Como assim? Não é Portugal uma democracia, com liberdade de expressão, partidos políticos e eleições livres? Sim. Mas essa banalidade esconde uma boa metade da verdade: a de um país que ainda não se livrou dos seus medos nem se sacudiu das suas estruturas senhoriais. Feito de cálculos, de clientelas e de escolhas afuniladas que se cristalizam num sistema político-partidário que não avança nem recua, não dá soluções e não permite encontrá-las.
Serve bem a título de exemplo (há muitos) o que se passou com o Partido Socialista nos últimos dias. Num primeiro passo, houve um levantar de entusiasmo pela possibilidade de António Costa ser candidato a líder do partido mas, acima de tudo, uma alternativa como chefe de governo, alguém que fosse um real contraponto a Pedro Passos Coelho. Num segundo, logo tudo esmoreceu numa opaca entente partidária, a que se seguirão negociações ninguém sabe muito bem para quê. Uma notícia do Sol sugere que entre as razões estarão a “entrada de 17 mil novos militantes”, principalmente das “distritais de Braga e Porto”, dos quais “há quem fale em ‘sindicatos de voto’” e “militantes que não têm atividade política e entram com cotas pagas”. Os partidos, em Portugal, são a praia onde vão morrer as esperanças.

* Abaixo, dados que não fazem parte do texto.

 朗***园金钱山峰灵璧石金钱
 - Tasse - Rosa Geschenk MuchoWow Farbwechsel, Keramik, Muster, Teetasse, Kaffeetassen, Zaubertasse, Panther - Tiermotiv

E talvez seja melhor assim, porque quem espera não faz acontecer.
Dá-se assim o paradoxo de termos uma democracia, sim, só que ela não é muito democrática. Mesmo numa situação de emergência, parece impossível ultrapassar os biombos e os bastidores das lógicas partidárias. Em particular na oposição, à esquerda, os atores partidários não parecem minimamente interessados em abandonar os seus velhos hábitos de entrincheiramento. Nem a troika, o desmantelamento do estado social, a Constituição que dizem venerar os faz mudar de atitude. Seja ao nível nacional ou local: no Porto, apesar de todas as razões para mobilizarem a sociedade civil, os partidos de esquerda deixaram que a única novidade viesse da direita. Para quê mudar? Os partidos tornaram-se pequenas bolhas funcionárias, ocupadas em explorar o seu nicho de mercado, gerindo a frustração com o partido do lado, mas negando e recusando a frustração dos cidadãos com o sistema político como um todo.
Entre os cidadãos e o debate público, vão-se notando os sinais de uma certa lassitude, um desânimo profundo. Todos tentámos tudo: as petições na internet, as manifestações na rua, a indignação nas páginas de facebook. Começa a ser mais fácil discutir do destino de um cachorro ou da última futilidade de uma celebridade do que intervir eficazmente no futuro do país.
Não foi por falta de discutir alternativas — elas foram amplamente trabalhadas nos fóruns, nas assembleias e nos congressos, proclamadas em manifestos e livros, sugeridas e debatidas. Também não é por falta de qualidade de intervenção. Pela primeira vez em gerações, há uma sociedade educada, capacitada para a mudança.
É talvez pela ordem dos fatores: antes do problemas financeiro, económico ou social, Portugal vai ter de resolver o seu problema democrático.
(Crónica publicada no jornal Público em 04 de Fevereiro de 2013)
One thought to “Por uma democracia democrática”
Um país é algo que requer tempo.
Tempo para formar-se e tempo para construir uma ideia de si.
O que foi roubado a um país com tempo foi a notícia de uma ideia de si.
Todos os dias inúmeras criaturas lhe dizem quem é, o que foi, o que deixou de ser, o que deverá ser, o que não sabe que é.
A este ruido, uns chamam democracia, outros ausência de valores.
O que quer que seja é um triste cenário onde o país que somos permanece sem duvidar de si.